▸ **PROBLEM**: All of the records below are to be given again word for word, with the pictures removed.

▸ **RECORDS TO USE**:
● ● ● ●
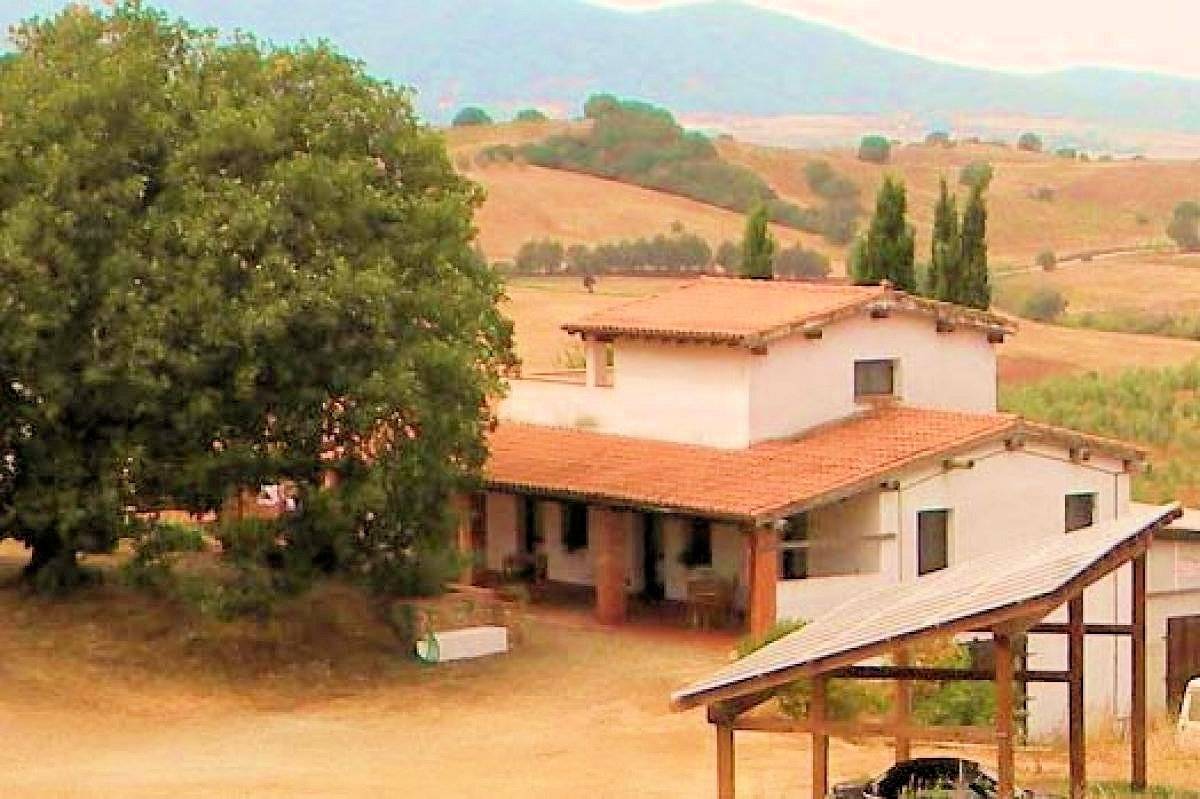 Azienda agricola in posizione collinare con vista mare in vendita a Magliano in Toscana, Montiano
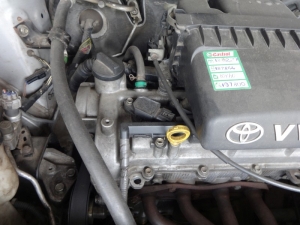 Toyota Yaris variklis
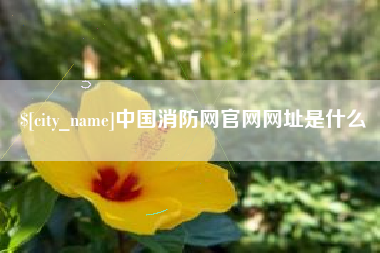 苍南中国消防网官网网址是什么
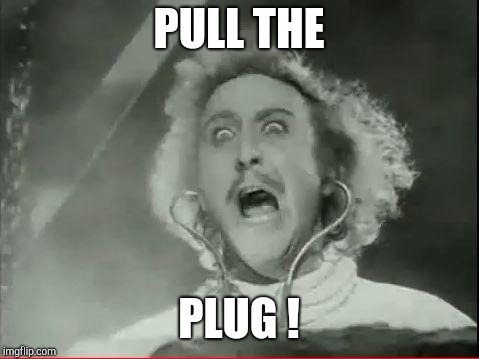 Young Frankenstein | PULL THE PLUG ! | image tagged in young frankenstein | made w/ Imgflip meme maker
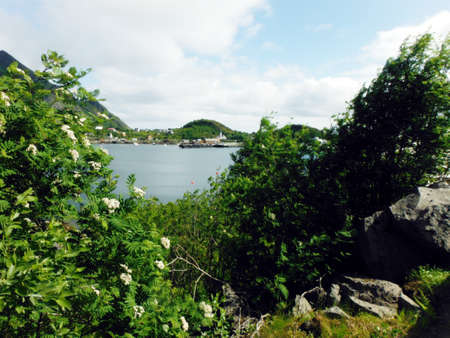 Moskenes at the north of Norwayの写真素材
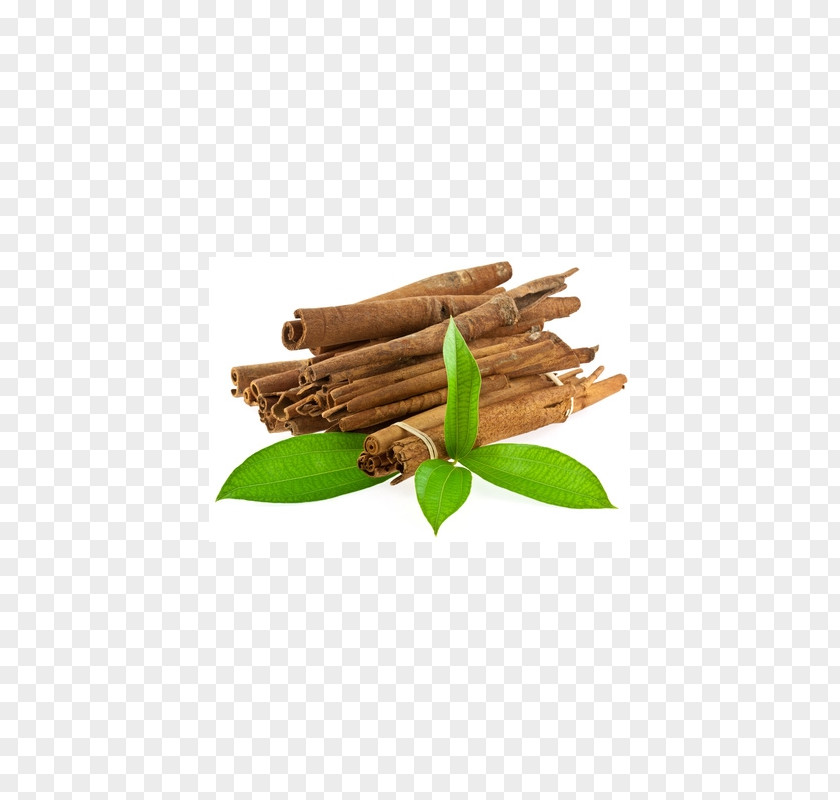 Oil Cinnamon Leaf Essential Distillation PNG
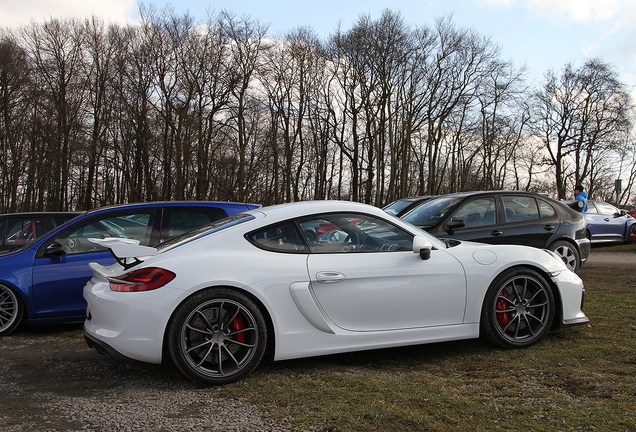 Porsche 981 Cayman GT4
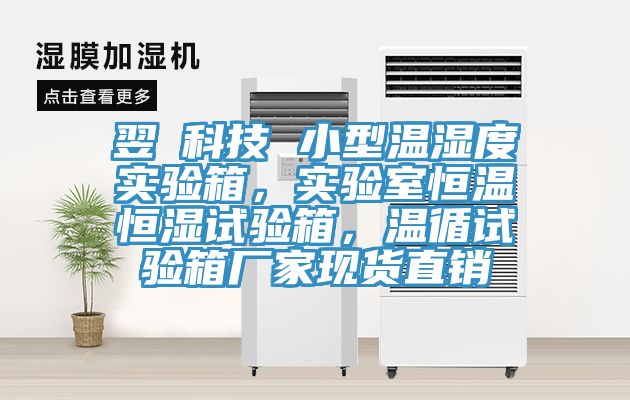 翌昇科技 小型溫濕度實驗箱，實驗室恒溫恒濕試驗箱，溫循試驗箱廠家現(xiàn)貨直銷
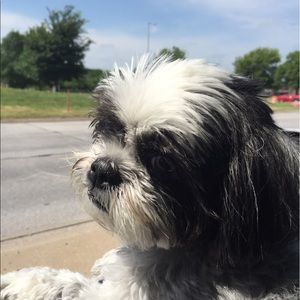 Meet your Posher, Nicole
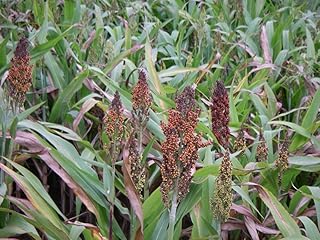 Japanese Millet - Duck - Food Plot - 5 LB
● ● ● ●
▸ **WRITTEN RESPONSE**:
 Azienda agricola in posizione collinare con vista mare in vendita a Magliano in Toscana, Montiano
 Toyota Yaris variklis
 苍南中国消防网官网网址是什么
 Young Frankenstein | PULL THE PLUG ! | image tagged in young frankenstein | made w/ Imgflip meme maker
 Moskenes at the north of Norwayの写真素材
 Oil Cinnamon Leaf Essential Distillation PNG
 Porsche 981 Cayman GT4
 翌昇科技 小型溫濕度實驗箱，實驗室恒溫恒濕試驗箱，溫循試驗箱廠家現(xiàn)貨直銷
 Meet your Posher, Nicole
 Japanese Millet - Duck - Food Plot - 5 LB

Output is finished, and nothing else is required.